[Exercise prompt] From the line containing "#9619 • Sheep Hay and Grain Feeder" down to the final line of the entries below, quote every line verbatim. Exclude pictures.

[Crawled caption data]
--
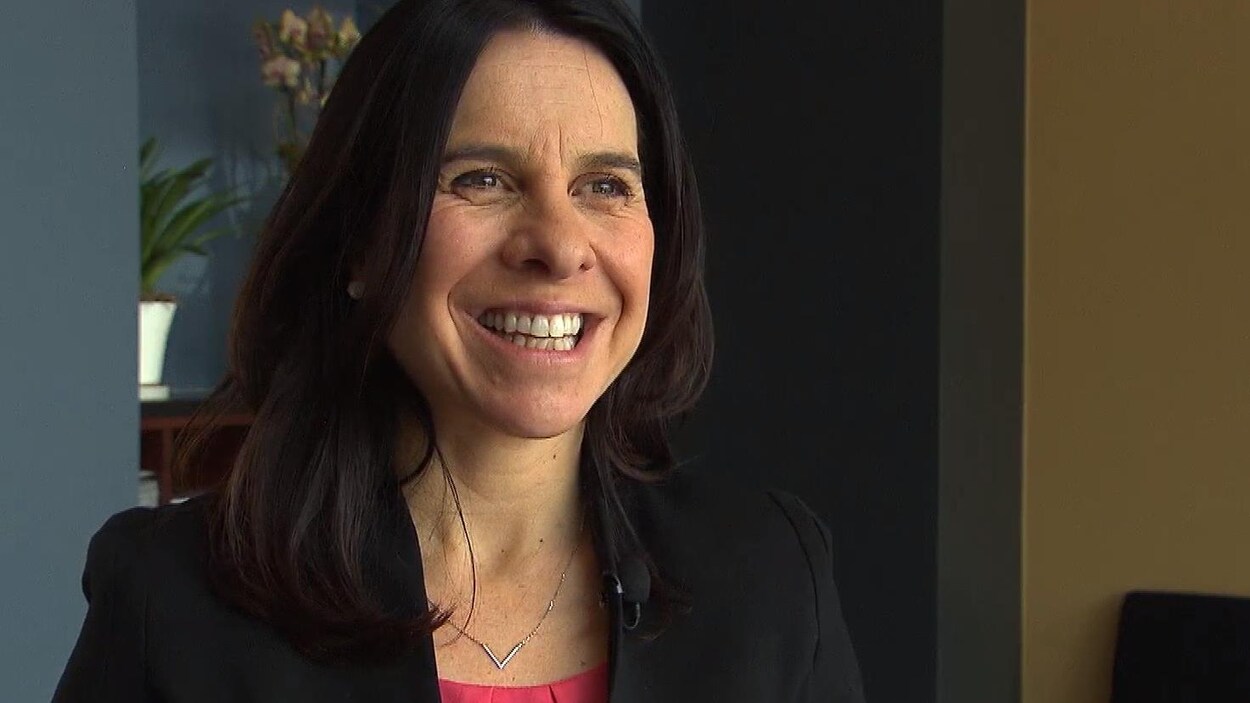 Elle apparaît tout sourire lors d'une entrevue.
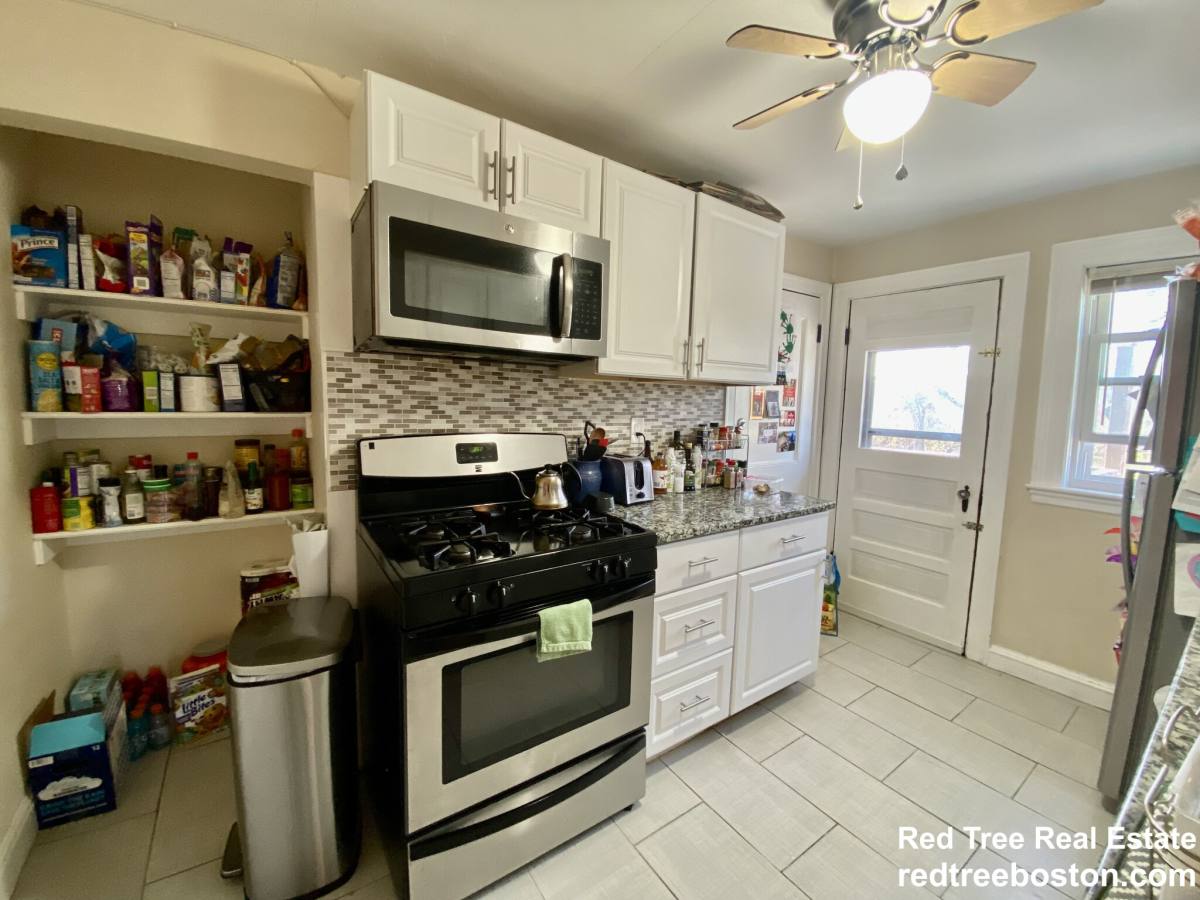 Apartment for rent at 4907 Washington St #3R, West Roxbury, MA 02132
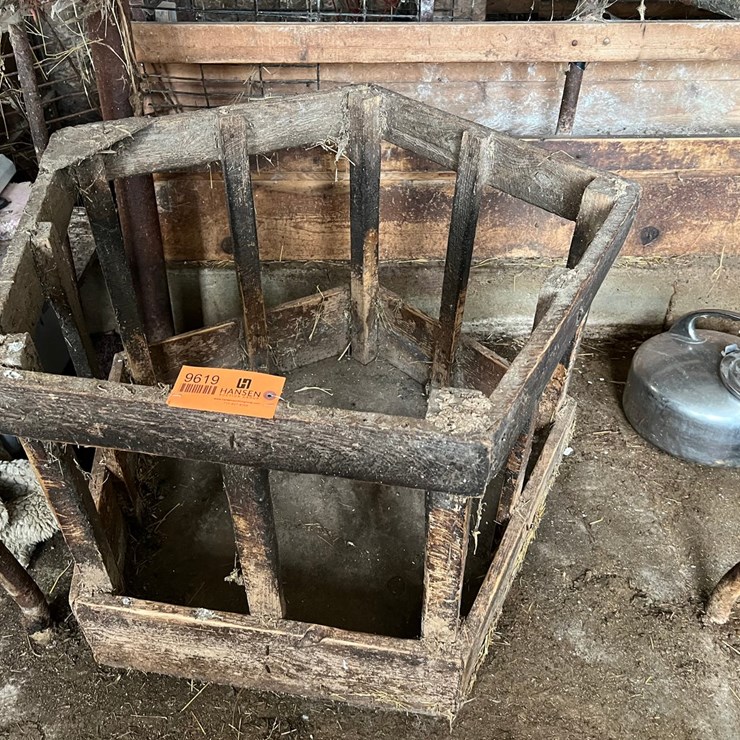 #9619 • Sheep Hay and Grain Feeder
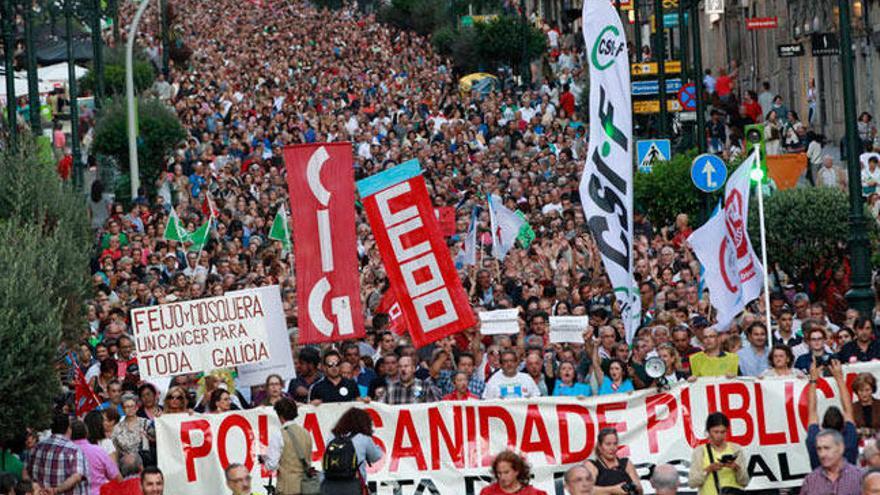 La marcha en defensa de la sanidad pública en la calle Urzáiz. // Ricardo Grobas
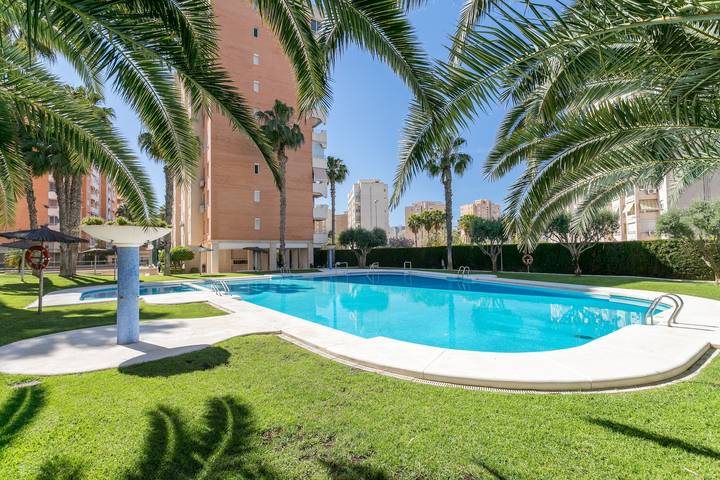 Escapadas de fin de semana para 4 personas, con Balcón en Alicante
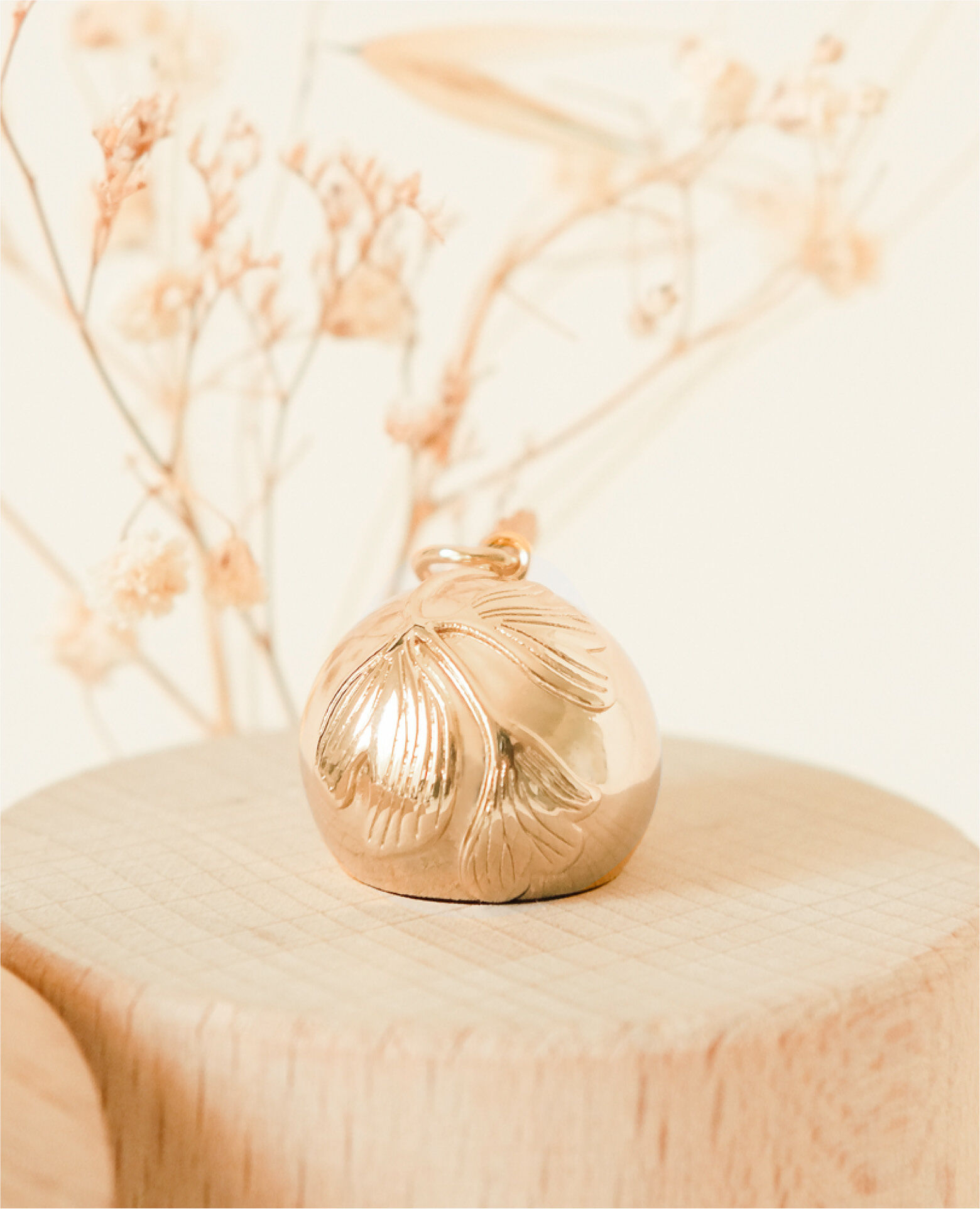 Ginkgo pregnancy bola on a chain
--
[Result of this exercise]
 #9619 • Sheep Hay and Grain Feeder
 La marcha en defensa de la sanidad pública en la calle Urzáiz. // Ricardo Grobas
 Escapadas de fin de semana para 4 personas, con Balcón en Alicante
 Ginkgo pregnancy bola on a chain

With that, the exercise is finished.